TASK STATEMENT – The result should be a full, exact repeat of the entries, free of pictures.

DATA FOR THE TASK –
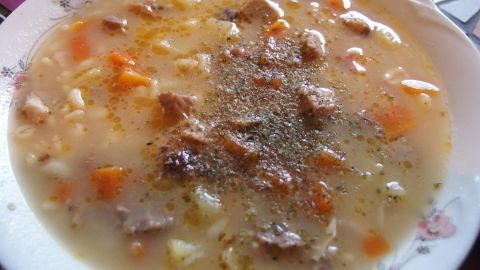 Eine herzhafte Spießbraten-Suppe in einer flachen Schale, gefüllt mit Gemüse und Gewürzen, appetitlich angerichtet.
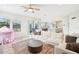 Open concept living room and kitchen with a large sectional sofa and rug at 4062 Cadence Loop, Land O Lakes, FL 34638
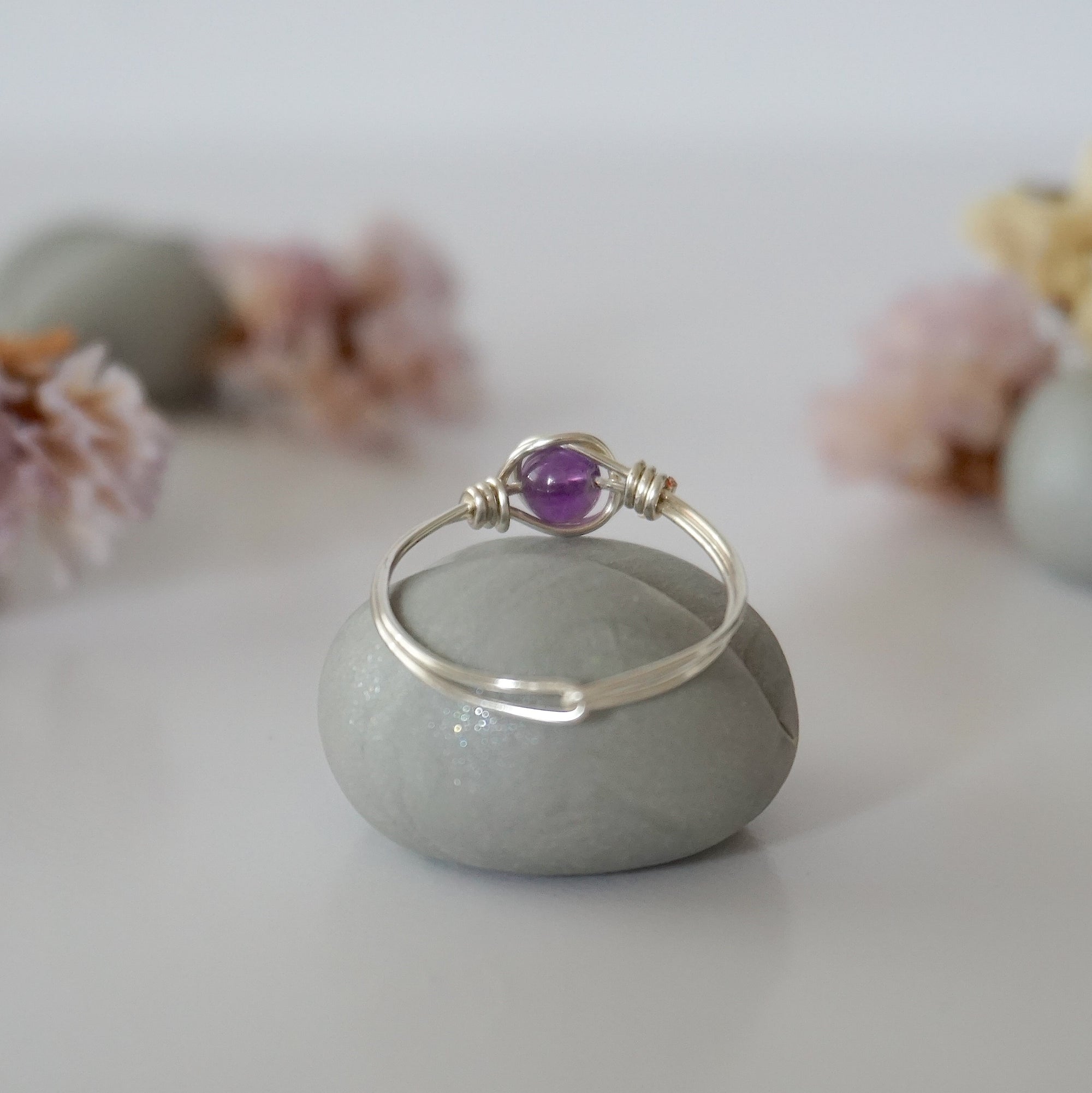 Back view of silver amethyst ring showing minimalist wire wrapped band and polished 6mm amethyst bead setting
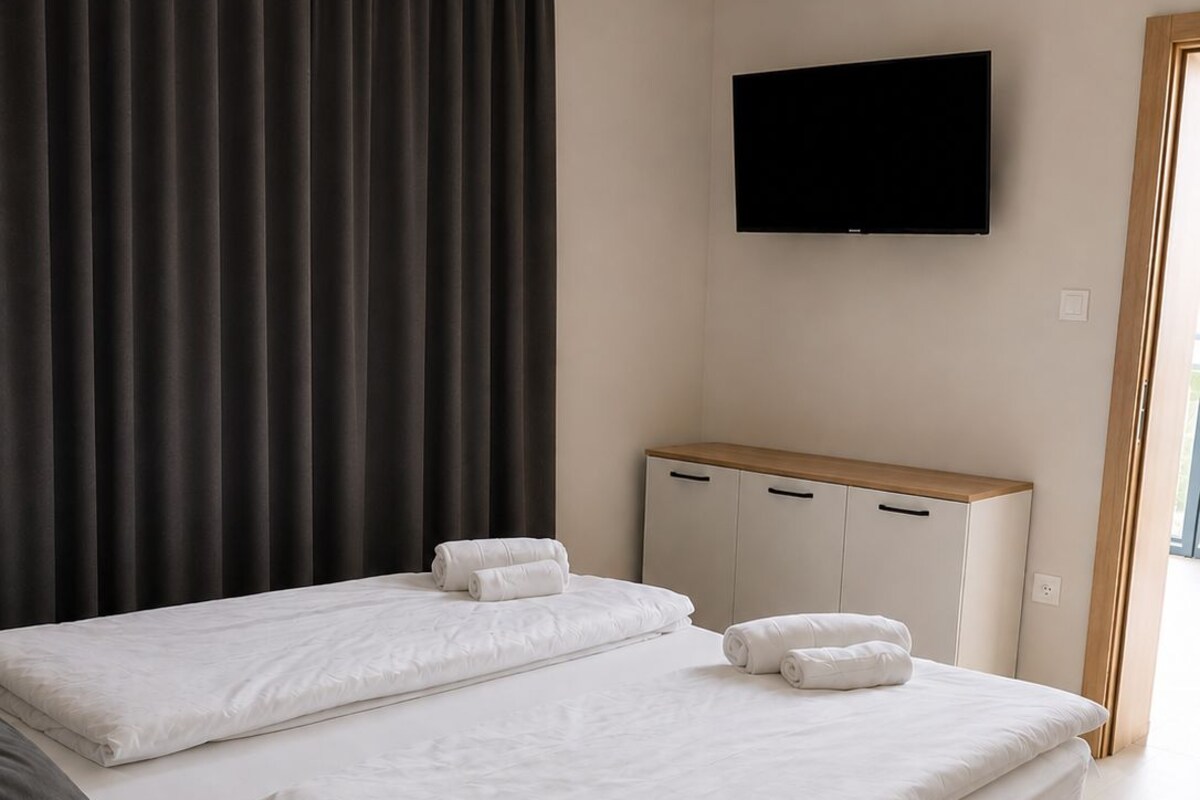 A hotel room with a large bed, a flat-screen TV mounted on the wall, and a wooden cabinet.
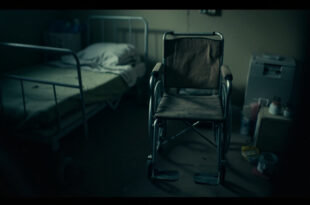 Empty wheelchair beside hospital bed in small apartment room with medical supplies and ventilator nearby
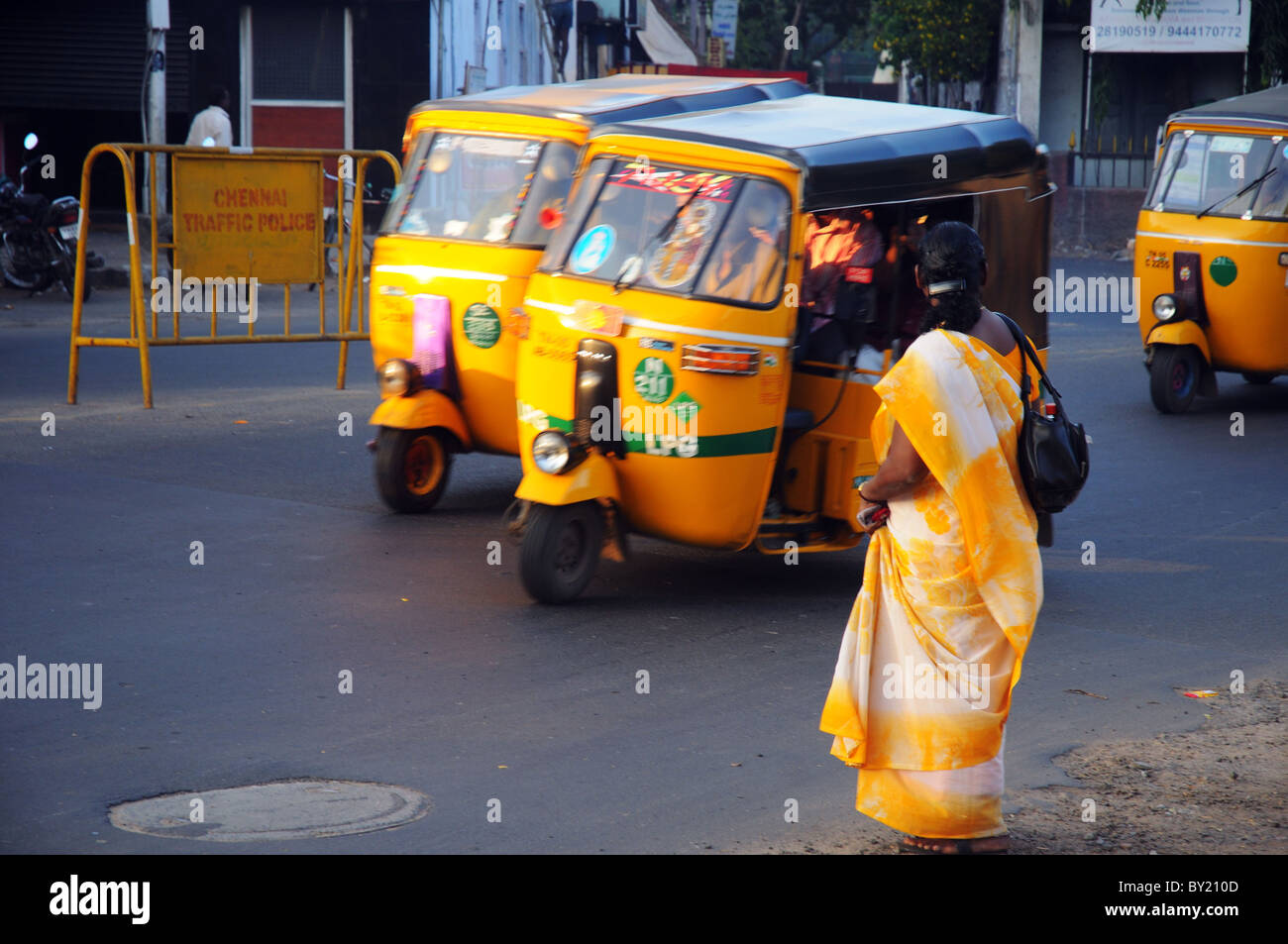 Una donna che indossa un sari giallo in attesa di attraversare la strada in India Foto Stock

FINAL ANSWER –
 Eine herzhafte Spießbraten-Suppe in einer flachen Schale, gefüllt mit Gemüse und Gewürzen, appetitlich angerichtet.
 Open concept living room and kitchen with a large sectional sofa and rug at 4062 Cadence Loop, Land O Lakes, FL 34638
 Back view of silver amethyst ring showing minimalist wire wrapped band and polished 6mm amethyst bead setting
 A hotel room with a large bed, a flat-screen TV mounted on the wall, and a wooden cabinet.
 Empty wheelchair beside hospital bed in small apartment room with medical supplies and ventilator nearby
 Una donna che indossa un sari giallo in attesa di attraversare la strada in India Foto Stock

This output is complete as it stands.